Hay tantas historias como personas en el mundo. Cada una de esas personas configura la suya propia a base de experiencias y, también, de invenciones. No hay nada que no esté sujeto a la ficción, pese a que nos mostremos convencidos de que todo es real, de que cada recuerdo es verdadero. La memoria siempre deforma la realidad, la transforma a nuestro antojo, si bien hay relatos que se muestran un poco más objetivos, cercanos a lo que comúnmente llamamos «realidad». 

Existen muchos relatos autobiográficos en la historia de la literatura, algunos de ellos absolutamente magistrales. En estos textos, uno es capaz de empatizar con el autor de los mismos, hasta el punto de ser capaz de conocer sus hábitos y costumbres, esas pequeñas manías que conforman un todo o, incluso, de apreciar aquellas vivencias que marcaron su devenir y que no siempre son alegres. Y es que hay dolor en el mundo, y mucho, y hay numerosas afecciones y trastornos que somos incapaces de reconocer, quizá por haber sido presa de los cánones y convencionalismos de épocas y generaciones pasadas. Así, por ejemplo, hablar de una enfermedad, narrar el día a día de alguien que sufre, no entraría dentro de la norma, provocando que muchos de esos relatos, escritos por necesidad para intentar reflejar una «realidad incómoda» sean invisibles.

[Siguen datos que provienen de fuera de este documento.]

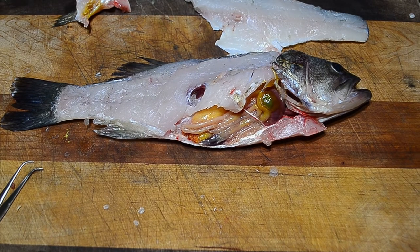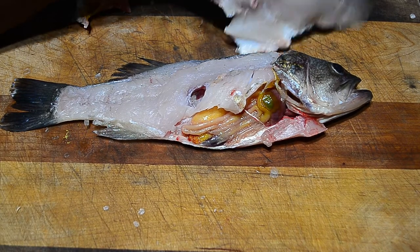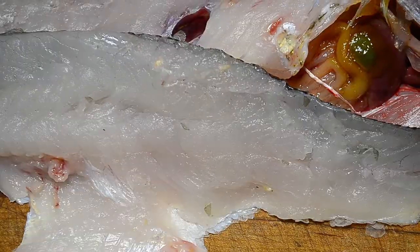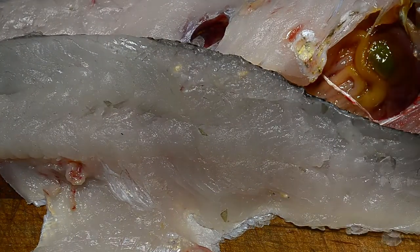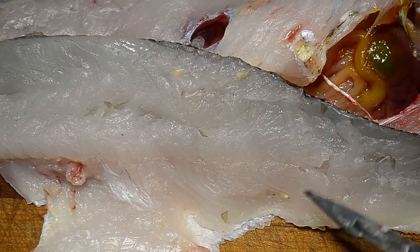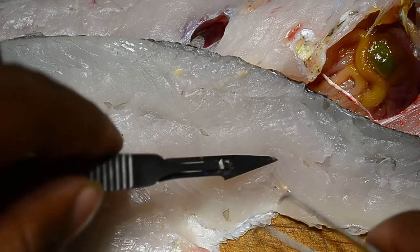One thing I want to show before we dive in is the parasites. I filleted this real quick and if you can see the yellow blotches — one here, another one there, another one there — these are actually parasites.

Durante demasiado tiempo, insisto, confesar a través de las páginas, o de viva voz, que uno ha sufrido o sufre un trastorno, una dolencia, se ha silenciado, porque no interesaba. El sufrimiento no interesaba, las crisis nerviosas no interesaban, las alteraciones emocionales no interesaban, etcétera, etcétera. Menos mal que, poco a poco, se abren pequeñas grietas hasta el punto de intentar normalizar el hecho de que no todos hemos de ser perfectos, porque nadie lo es. Así, de nuevo poco a poco, se comparten historias, relatos autobiográficos donde el YO no es lo que importa, sino el hecho de compartir ese padecimiento para encontrar un apoyo o para ayudar, con su testimonio, a otros que puedan estar en su lugar. Al menos, eso pienso tras haber leído El pabellón 3 (Tránsito), de Bette Howland, traducido por Lucía Martínez Pardo.

Es este un texto sincero, que imagino debió ser duro escribir al compartir Howland con el mundo su historia personal como interna en un pabellón psiquiátrico, el P-3, donde las noches eran las horas más salvajes y donde cada interno buscaba sobrevivirse del modo que fuera. La escritora y crítica literaria captó como pocos esa atmósfera asfixiante, fruto de la no aceptación, de la quiebra emocional, de la oscuridad en la que uno cae cuando ha entrado en crisis y no sabe cómo ni cuándo ocurrió, ni si saldrá de ella. 

Podríamos hablar de este libro como un modo o canal de sanación personal para Howland, y en parte es así, pero yo diría que este libro es un libro en el que comprender que el mundo no es de color de rosa, que de la noche a la mañana cualquiera de nosotros podría estar en una situación similar y de que no hay nada de malo en ello. Esta exploración emocional, con algunas ironías y obsesiones de por medio, resulta luminosa.